Introduction
I have mixed feelings about a lot of modern comedy. Not alternative comedy, although that's something of a misnomer these days as there is so little old-fashioned comedy around the alternative stuff is the mainstream. Putting aside gross-out, cringe and shock comedy (Little Britain, The Office et al) there's a strong tradition growing in modern comedy of smart-arsism. You know what I mean – glib little ****ers like Jonathan Ross who deliver witticisms with the same kind of self-satisfied smirk that ghastly kid at the back of the class used to disrupt Physics lessons with. Clever, quick-witted and thought he was wasting his time learning anything because he knew his gob would lead him to stardom. A smart-arse.
There's a lot of smart-arsism in modern comedy. It's mostly to do with the fact that you can't get into television comedy these days without an Oxbridge education under your belt, or at least have had a gig at the Edinburgh Fringe where you can blend in with the intelligensia.
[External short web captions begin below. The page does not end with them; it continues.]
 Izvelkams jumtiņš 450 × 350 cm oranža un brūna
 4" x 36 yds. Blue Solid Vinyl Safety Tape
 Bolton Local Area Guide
The showcases for this kind of humour on television are the post-modern panel games such as Buzzcocks and Have I Got News.
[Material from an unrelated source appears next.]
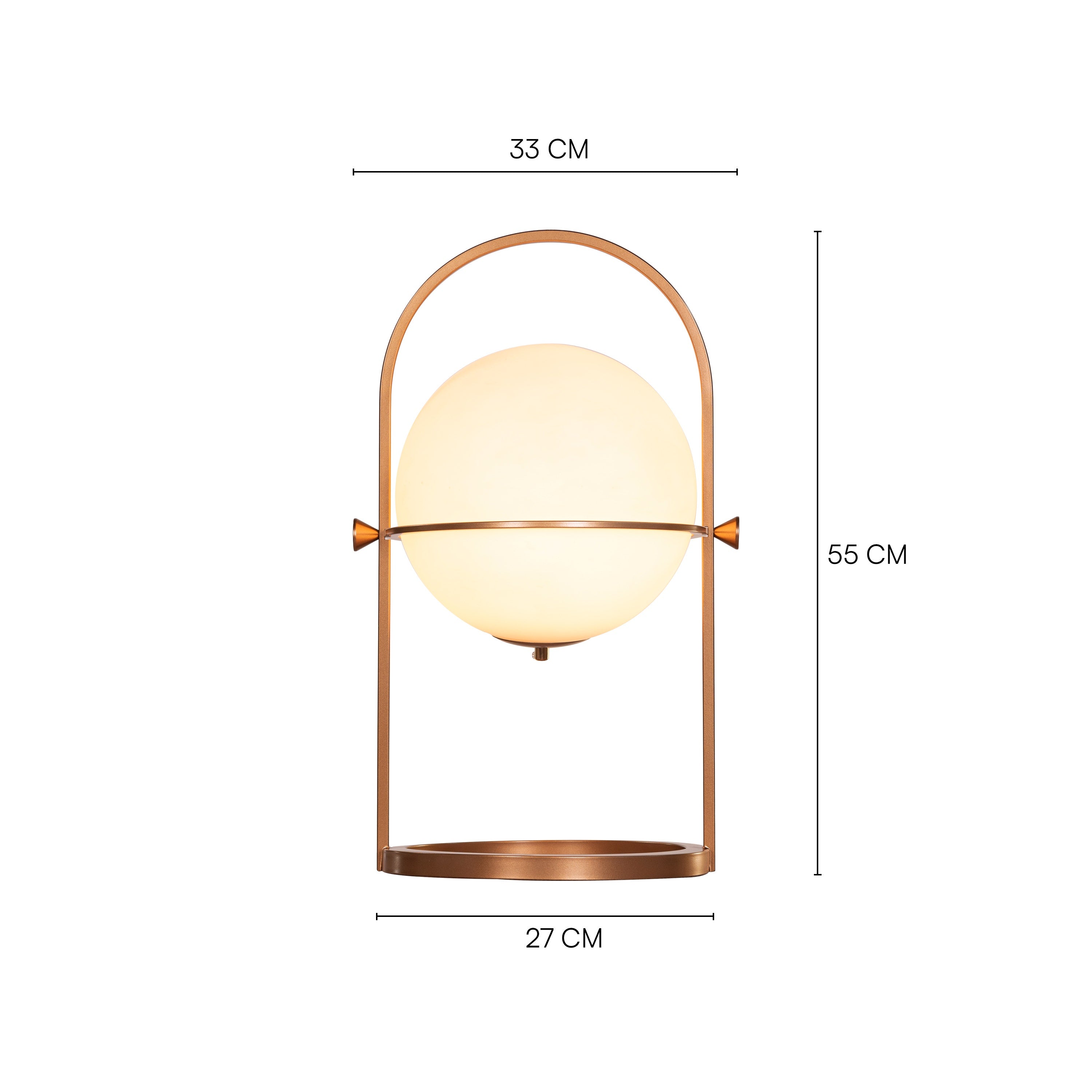 Great Not Good (Gold, White) Frosted Glass Table Lamp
QI is part of that growing tradition. Dating back into the mists of early television history – ooo, 2003 would you believe – QI is a comedy quiz show with a difference. It isn't a smart-arse show (well, not much). It's genuinely intelligent. Quizmaster Stephen Fry is joined by three celebrities and Alan Davies to mull over the conundrum that is the modern world and answer a series of mind-pummelling questions in as quite an interesting way as possible – hence the title QI for Quite Interesting (not Quotient Intelligence or Quaintly Indifferent). Points are deducted quite arbitrarily for using what the gnomes behind the scenes consider an obvious answer – which is almost inevitably any answer given by Alan Davies.
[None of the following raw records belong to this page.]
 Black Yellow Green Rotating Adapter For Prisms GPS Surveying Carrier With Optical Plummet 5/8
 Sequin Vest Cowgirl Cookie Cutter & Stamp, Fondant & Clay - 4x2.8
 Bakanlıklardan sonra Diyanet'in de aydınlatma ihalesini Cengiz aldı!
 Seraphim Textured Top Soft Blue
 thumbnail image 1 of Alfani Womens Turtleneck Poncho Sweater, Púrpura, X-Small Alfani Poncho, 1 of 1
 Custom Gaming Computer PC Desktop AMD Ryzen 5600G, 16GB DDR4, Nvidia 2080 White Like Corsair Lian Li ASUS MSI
More often than not, the show appears to be an opportunity for guests – and frequently Alan Davies – to go on pure flights of fancy or even streams of consciousness which can be pretty hit or miss whether they're genuinely funny but they keep the studio audience amused. The real star of the show, however, is Stephen Fry whose professorial demeanour makes some of the more off-the-wall moments of the show even more surreal.
For my money, QI is the funniest thing on television. Especially when guests and quizmaster Fry start riffing on an answer. The show is the latest from Blackadder/ Spitting Image producer John Lloyd.